Would you transcribe the listing that follows, character for character, and omit its images?

-------- Given data --------

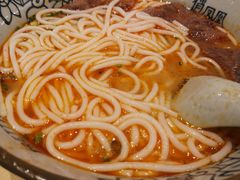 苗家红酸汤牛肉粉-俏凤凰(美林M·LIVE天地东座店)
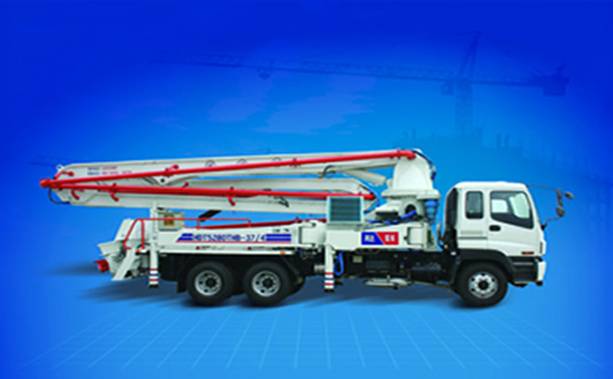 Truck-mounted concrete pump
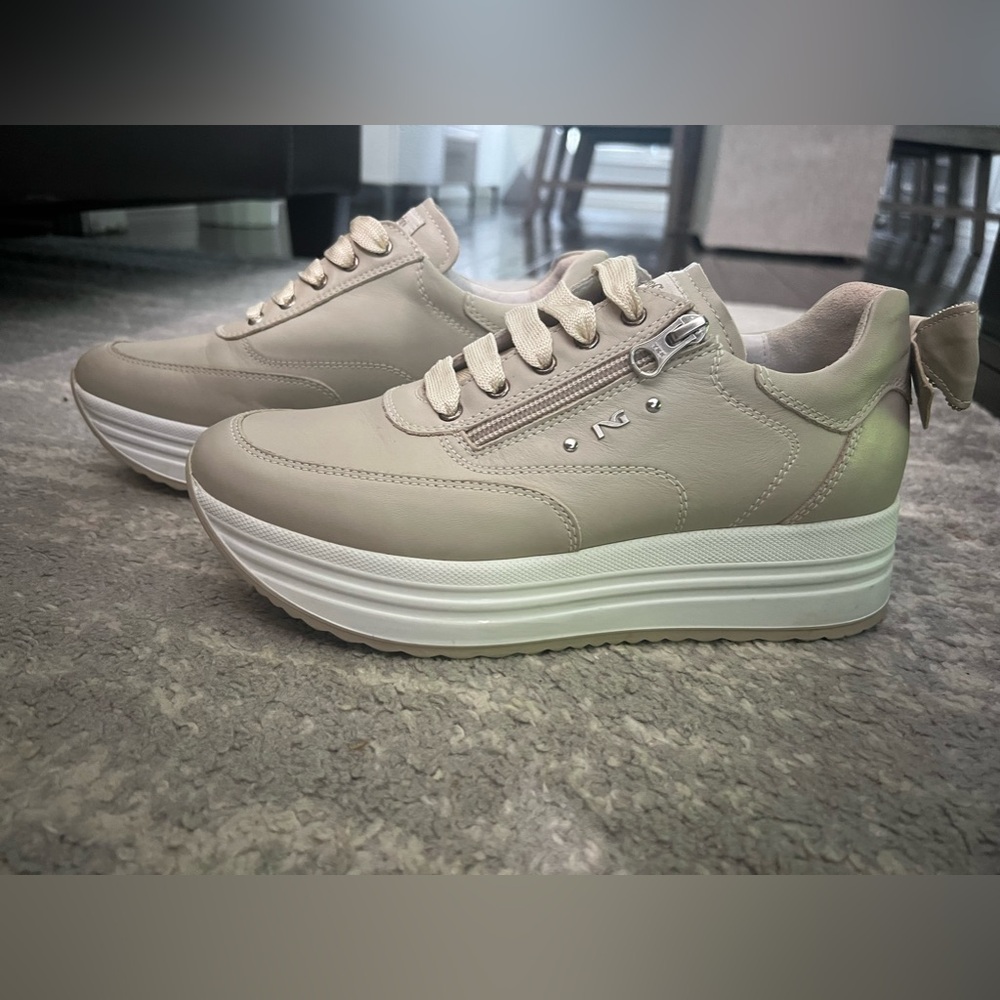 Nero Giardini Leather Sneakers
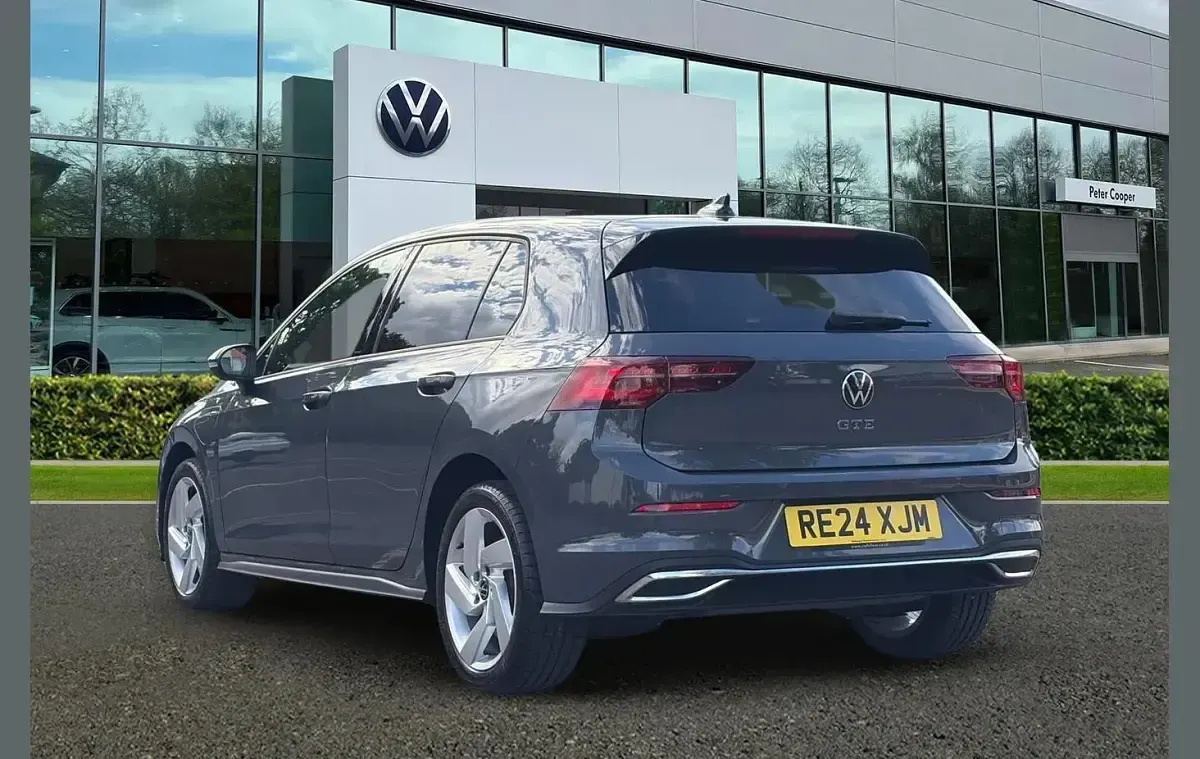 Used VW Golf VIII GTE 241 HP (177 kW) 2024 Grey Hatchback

--------

- _Written answer_:
 苗家红酸汤牛肉粉-俏凤凰(美林M·LIVE天地东座店)
 Truck-mounted concrete pump
 Nero Giardini Leather Sneakers
 Used VW Golf VIII GTE 241 HP (177 kW) 2024 Grey Hatchback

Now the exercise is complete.